Japan's Premier Focuses on Deregulation Hosokawa Sees Erasing Rules - from Haircuts to Trade Barriers - a Key to Staying Competitive

Article excerpt

JUST a few weeks ago, bureaucrats in Japan would have made sure that a schoolboy's hair was cropped to within an inch of his scalp. Some teachers even chased after shaggy students with electric razors.

But a month-old reformist government, intent on trimming the formidable power of national bureaucrats, has decided to ease off the hair rule.

The government hopes to do the same with thousands of other rules that entrenched civil servants have used to regulate Japanese society and to create an economic system that repels many foreign firms.

"The bureaucracy is a tight-knit power, but Prime Minister {Morihiro} Hosokawa is determined to overrule any resistance," says Syusei Tanaka, his special assistant.
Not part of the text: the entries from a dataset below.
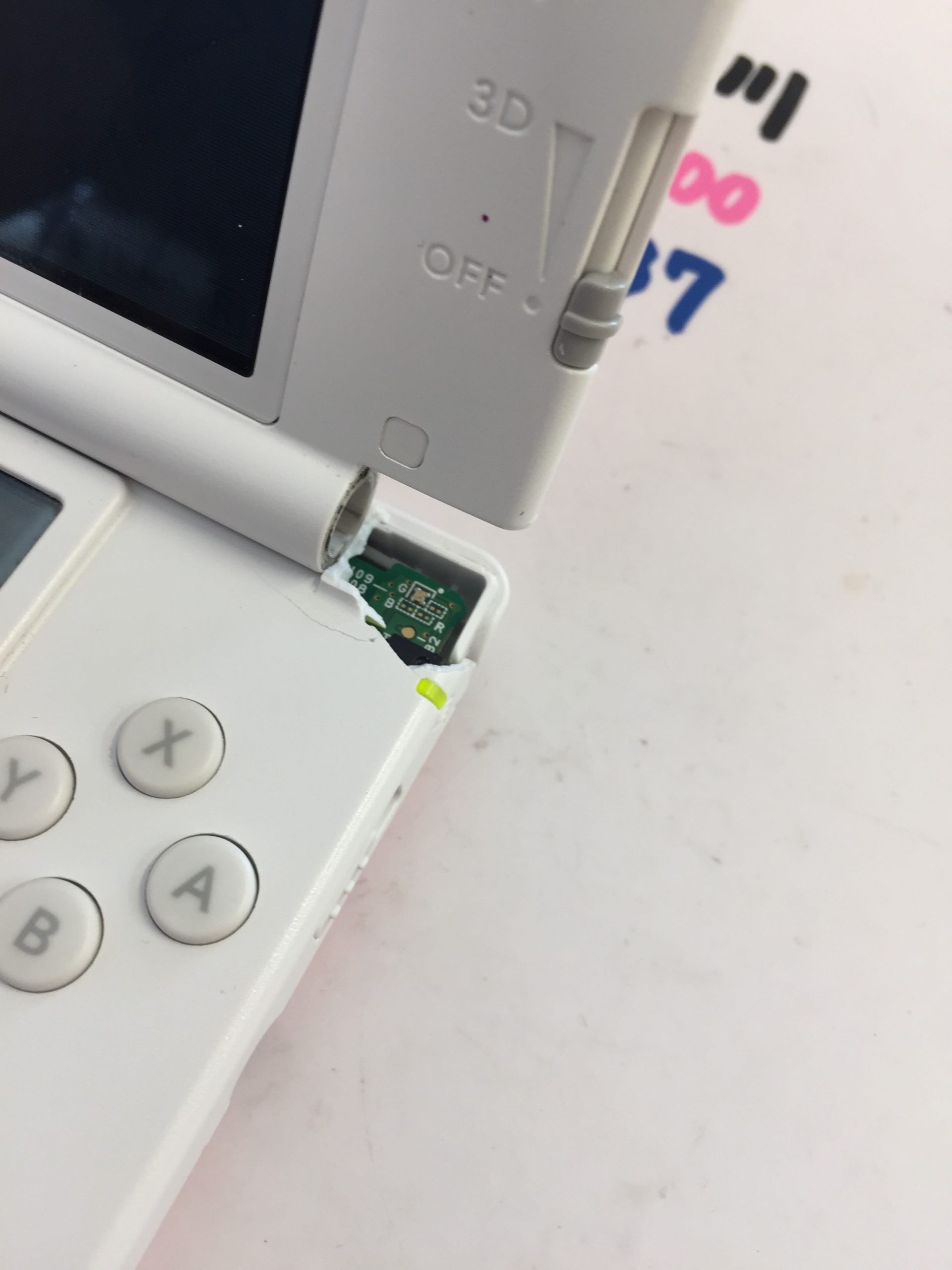 3DS LL】フレームの角が欠けて基板が丸見え…！3DSなどのゲーム機も  
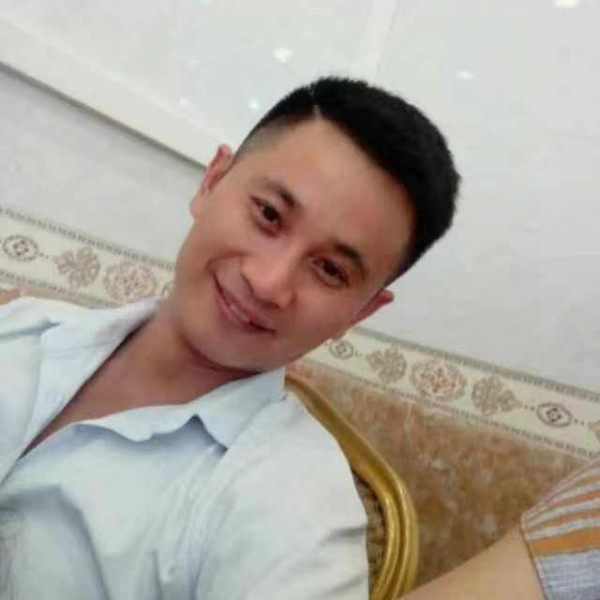 苗条吃醋蓝天的照片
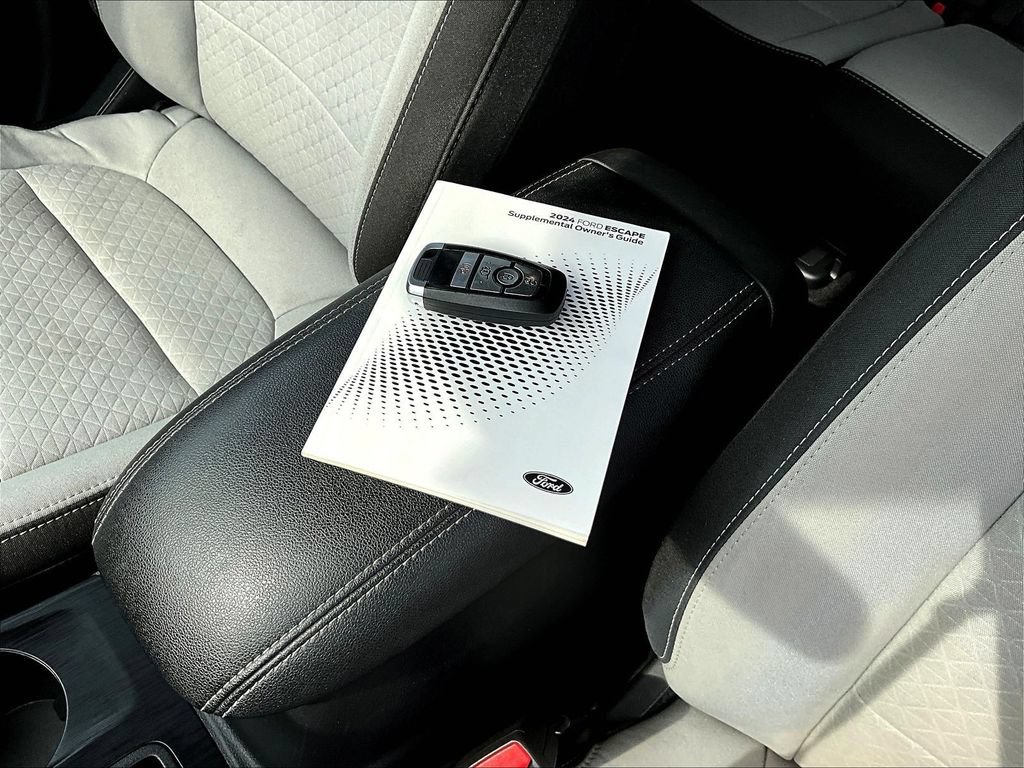 Used 2024 Ford Escape Active w/ Tech Pack #1 FWD image 36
The haircut issue was thrust on the new government by a group of protesting teenagers in Osaka. Education Minister Ryoko Akamatsu had to overrule the ministry's implacable bureaucrats. She said that she shivered every time she saw students with close-cropped hair, a legacy of Japan's militarist past.

But the drive for such deregulation is coming from more than schoolboys.
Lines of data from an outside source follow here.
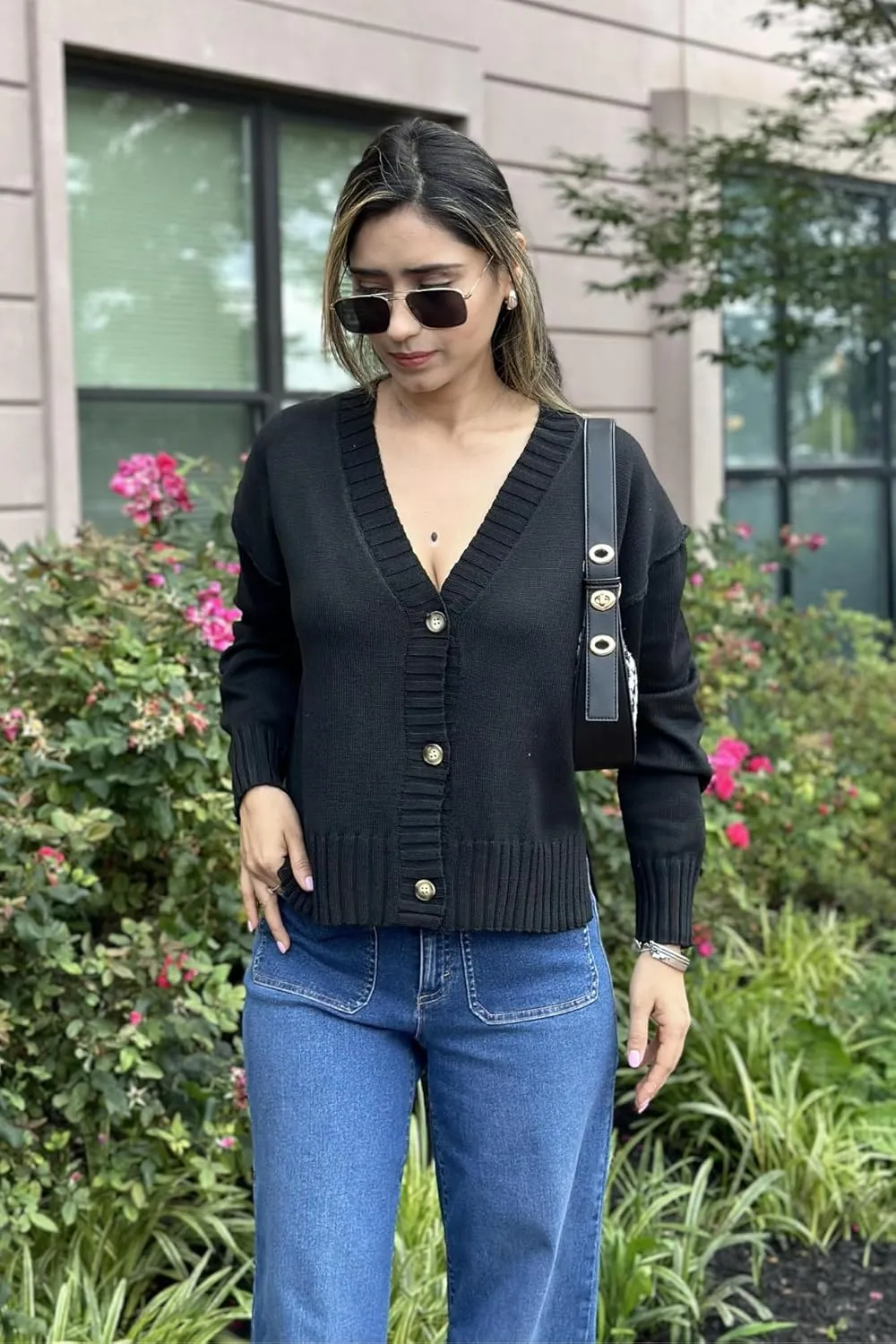 Zeagoo Women's Cropped Cardigan 2025 Fall Button Sweaters V Neck Long Sleeve Cardigans Knit Outwear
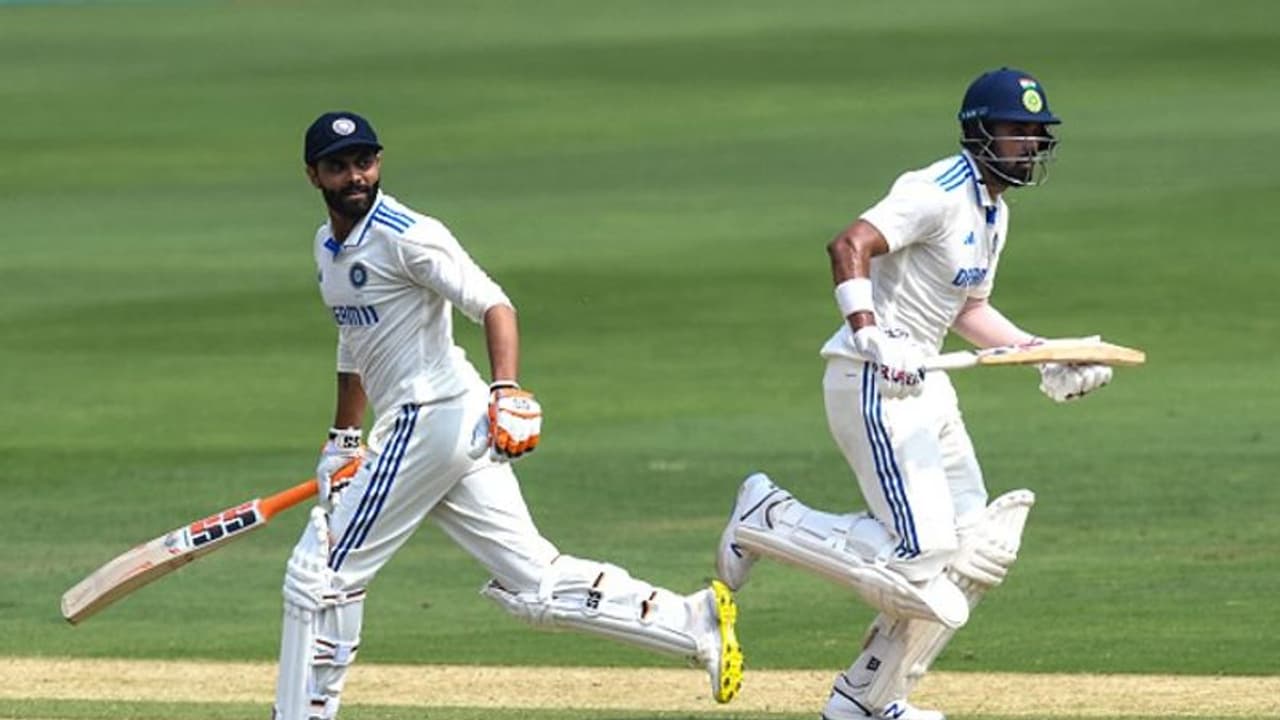 അപ്രതീക്ഷിതമായി രാഹുലും പോയി! രണ്ടാം ടെസ്റ്റിനുള്ള ഇന്ത്യന് ടീമില് വന് അഴിച്ചുപണി; സാധ്യതാ ഇലവന് അപ്രതീക്ഷിതമായി രാഹുലും പോയി! രണ്ടാം ടെസ്റ്റിനുള്ള ഇന്ത്യന് ടീമില് വന് അഴിച്ചുപണി; സാധ്യതാ ഇലവന്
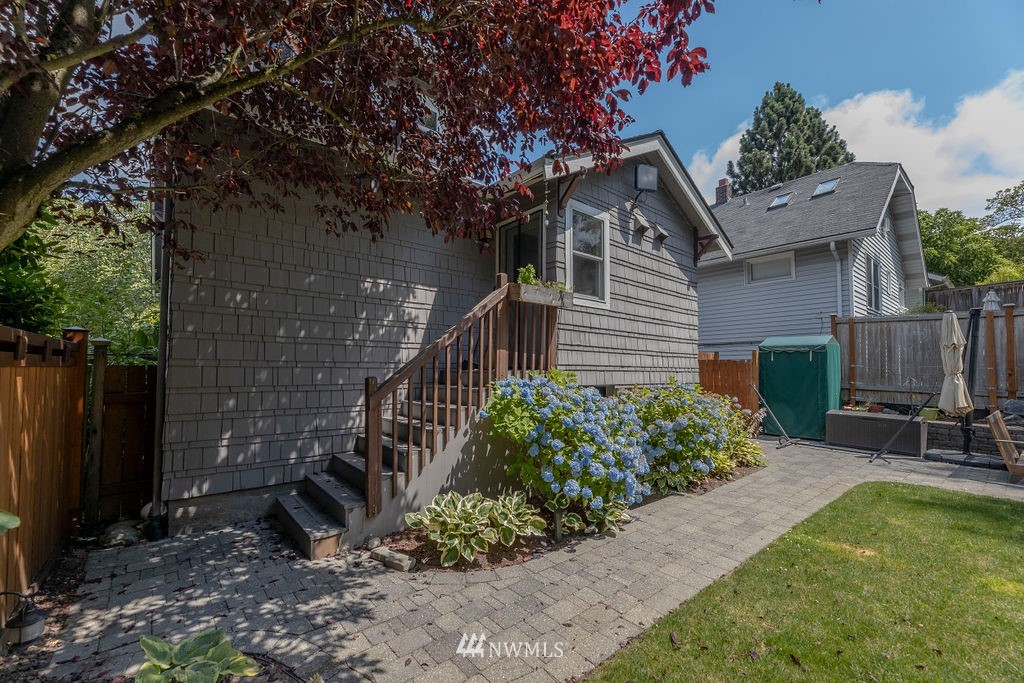1909 North 47th Street Seattle, WA 98103 - Photo 35 of 39 Gallery Image 35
The impetus for reforms lies with big business, the United States, and Mr. Hosokawa himself, who heads a seven-party ruling coalition. After helping to oust the long-ruling Liberal Democratic Party, Hosokawa is trying to reverse centuries of control by bureaucrats, whose prestige has been unquestioned by many average Japanese.

"He is so enthusiastic that he takes up the telephone himself to direct operations," Mr. Tanaka says. "He needs to be like a samurai to fight the bureaucrats. Since he is descended from an old warlord family, he knows how to do it. In fact, this effort is almost like a war."

A certain urgency is behind Hosokawa's drive for Reagan-style deregulation. At the end of September, he will meet President Clinton and hopes to present him with a package of economic measures to open Japanese markets, boost the economy, reduce the trade imbalance, and reorient Japan toward consumers rather than producers. Deregulation is his centerpiece.

"We will not delay carrying out those deregulation proposals which can be implemented in the short term," Hosokawa said on a government television program.

The US and Japan on Sept. 19 will begin their first round of economic "framework" talks, aimed mainly at opening up such protected industries as insurance.

Japan's economy is in the doldrums, after the implementation of three stimulus packages, and Hosokawa sees deregulation as one of the few tools left to boost business. …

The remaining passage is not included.